After just eight months on the job, West Virginia Attorney General Patrick Morrisey's consumer director has resigned and gone back to her former law firm.

Michelle Gaston, who had headed the Consumer Protection Division since late January, returned last week to Steptoe & Johnson's law office in Charleston.

In her resignation letter, Gaston said she missed litigating cases, "as opposed to performing administrative duties" at the attorney general's office. Gaston, who made $105,000 a year, also commented she would have more time to spend with her family while working at her old law firm.

Other recent departures from Morrisey's office include investigators Gordon Ingold and Joe Crawford.

Ingold, who was Morrisey's chief investigator for the consumer office and public integrity unit, resigned Aug. 11 to take a job as a security officer for the Columbia Pipeline Group. Ingold left for a higher-paying job, according to his resignation letter.

Ingold started at the attorney general's office in September 2014. The job paid $45,559 a year.

Crawford, who also worked as an investigator for Morrisey's office, resigned August 21. He recently was hired as chief of police at Yeager Airport in Charleston. Crawford, a former police chief in Eleanor and St. Albans, said he was leaving Morrisey's office to resume his law enforcement career.

Crawford, who made $45,000 as an investigator with the attorney general's public integrity unit, started working for Morrisey in August 2014. Crawford will make $65,000 a year at the airport.

Also, the attorney general's press secretary, Jared Hunt, resigned from his post last week, just three months after taking a job as Morrisey's spokesman. Hunt, former Charleston Daily Mail business editor, starts Sunday as communications director for the House of Delegates. Hunt made $55,000 a year as Morrisey's spokesman. His salary at the state Legislature will be $58,000.

Morrisey's office has yet to replace Hunt and the other three employees.

"Whenever you have an office known for the quality of its work, your employees will be highly sought after by other organizations," said Anthony Martin, chief operating officer at the attorney general's office, in a prepared statement. "We are always honored when some of our employees receive significant promotions or obtain tremendous opportunities in the private sector or within state government.

"Our office has attracted some of the best and brightest people to state government, and we are grateful for their public service."

For more than a month, Morrisey's office refused to confirm the departures of Gaston, Crawford and Ingold. Morrisey acknowledged their resignations last week in response to an Aug. 26 Gazette-Mail records request under the state Freedom of Information Act.

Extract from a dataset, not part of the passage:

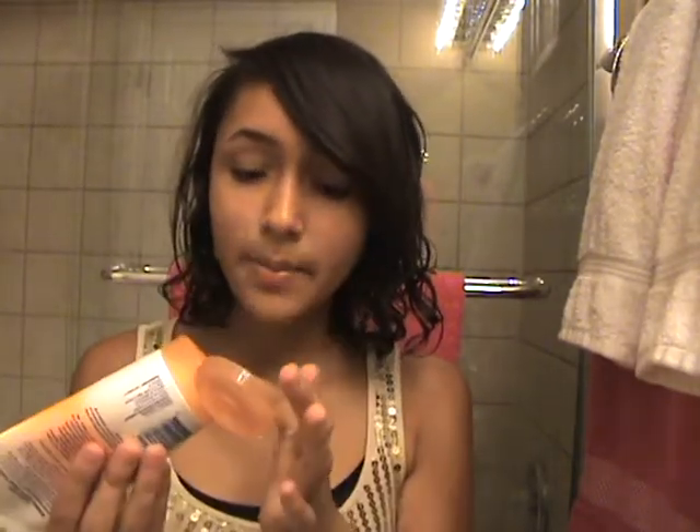A little orangey tingle — it smells like orange. And the beads are tiny, ultra tiny. I can barely even see them. So you guys probably won't even be able to see them on camera. Let me show you. Yeah, you can see them — they're really, really small, very tiny.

In a letter Friday, Morrisey's office said the office had copies of the three employees' resignation letters, but would not release them to the newspaper, arguing the documents contained "information of a personal nature."

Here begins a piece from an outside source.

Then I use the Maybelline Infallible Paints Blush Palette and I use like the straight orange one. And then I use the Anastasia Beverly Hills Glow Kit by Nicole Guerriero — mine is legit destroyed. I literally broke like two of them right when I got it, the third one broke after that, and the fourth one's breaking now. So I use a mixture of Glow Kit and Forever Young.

On Wednesday, Morrisey gave the resignation letters to the Gazette-Mail.

Gaston was Morrisey's first permanent consumer director since he took office in January 2013. Two previous employees served as acting consumer directors under Morrisey's watch.

Gaston's departure came three weeks after Morrisey issued a "Mid-term Consumer Protection Report." The Gazette-Mail had inquired about the division's performance days earlier.

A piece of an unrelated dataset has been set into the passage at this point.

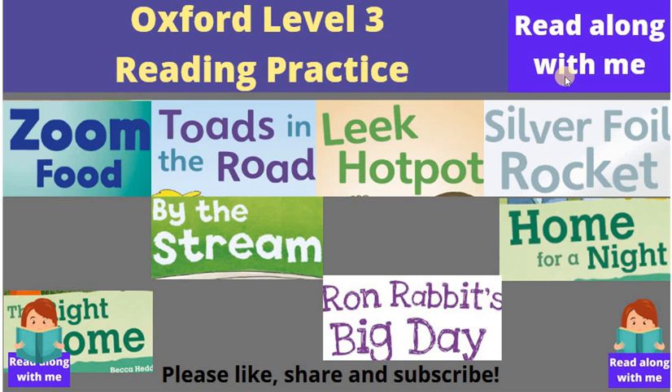And you can read along with this video, all about the Oxford Level 3 Reading Practice: Zoom Food, Toads in the Road, Leek Hot Pot, Silver Foil Rocket, and the other stories included here.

In a press release, Morrisey's office reported that it recovered $112.5 million for consumers in 2013, $90.4 million in 2014, and $69.7 million so far this year. Morrisey bolstered those numbers by adding settlement funds from lawsuits against tobacco companies secured by former Attorney General Darrell McGraw in 2007. The tobacco firms pay the state in annual installments.

Tobacco settlement monies made up $62.7 million of the $69.7 million Morrisey reported recouping for consumers this year, $65.2 million of the $90.4 million in 2014, and $95 million of the $112.4 million in 2013.

Last year, 93 percent of the money and refunds recovered by Morrisey's office for consumers were the result of lawsuits and investigations initiated by McGraw, according to a Gazette-Mail analysis. In 2013, the number was 98 percent.

Gaston did not respond to request for comment Wednesday.